Perhaps he could have implored Pharaoh for justice on behalf of the Hebrews. He could have had the abusive ruler dismissed. Maybe he could have tried to use the position and power he had to bring about positive change in Egypt or prayed earnestly before taking such rash, irreversible action. Would his innocence have stopped the mouth of his Hebrew accuser who asked, “Who made you a prince and a judge over us?…” rather than repenting when Moses confronted him? Surely he would have had more credibility in the eyes of both his Egyptian counterparts as well as his Hebrew brothers and sisters.
I digress. Who really knows what atrocities could have been avoided if Moses hadn’t sinned so grievously in this case. All we know is that he did – and we do, too, at times. What we do know is that Moses’ sin delayed him. He spent forty years in the desert. It caused a long period of isolation from everyone and everything he knew. That’s what sin does – even to those who begin with righteous anger, right beliefs, right perspective, and right motives. It drives us away from the people and places we are called to love and serve. We end up in the wilderness at the the mercy of God alone…
And maybe, just maybe, that’s not such a bad place to be when you’ve got some long, hard lessons to learn about doing things God’s way.
God redeemed Moses in that wilderness. He gave him a family and some necessary training. When the time came, God restored Moses and brought him back to Egypt for the very purpose he’d raised him up there for – deliverance.

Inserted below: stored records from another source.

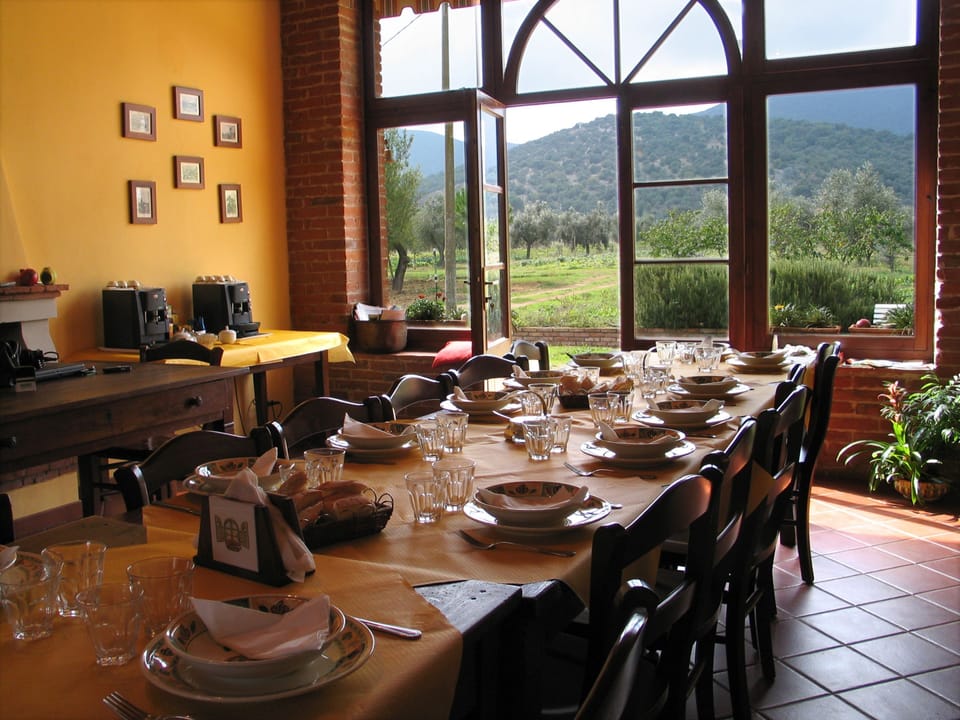 Breakfast area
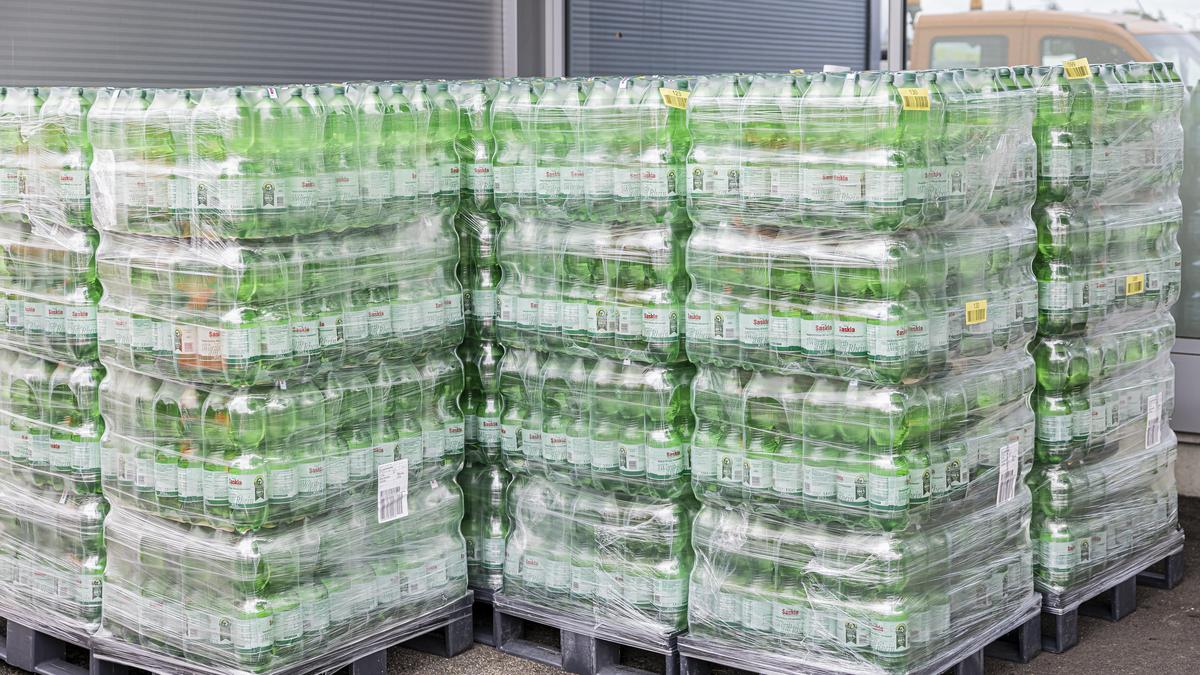 30.000 Bürger müssen Trinkwasser weiterhin abkochen. Am Wochenende gibt es zwei Wasserausgabestellen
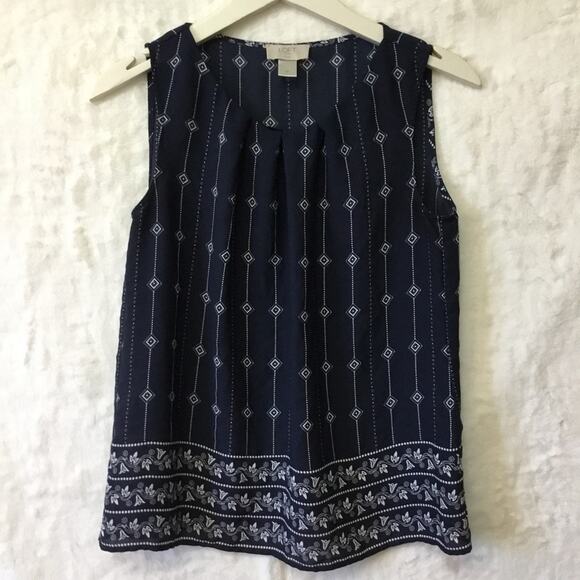 LOFT Tops - Loft Navy Pattern Sleeveless Top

When I think about Moses the murderer, I think about myself – a great sinner with a greater God. There’s no telling what good purposes I’ve missed and delayed because of my sinful reactions to other people’s sinful actions, but I know that the God I know is the same God Moses knew. The God who preserved baby Moses at birth preserved me at birth. The God who gave Moses severe, unique, and serious life circumstances as prerequisites to his calling is the same God who gave me severe, unique, and serious life circumstances as prerequisites to my calling. The one who allowed Moses to sin greatly, be restored fully, and become a real help and encouragement to his people is the same God who allowed me to sin greatly, be restored fully, and, I pray one day, will allow me to become a real help and encouragement to his people. The same God who gave Moses a beautiful, undeserved family out of the blue clear sky gave me a beautiful, undeserved family out of the blue clear sky.
How unworthy we are! Moses and I, that is. How good our God is to save us, grow us, forgive us, teach us, redeem us, and use us despite our great folly and faulty foundations!
Seeing Moses as a murderer is what led me to choose to study Exodus. There is hope in the ministry for people who fail royally – even if we’re not royal-ty like Moses. When I see Moses, I see hope – and rightly so – Moses the deliverer is a picture of Christ our deliverer.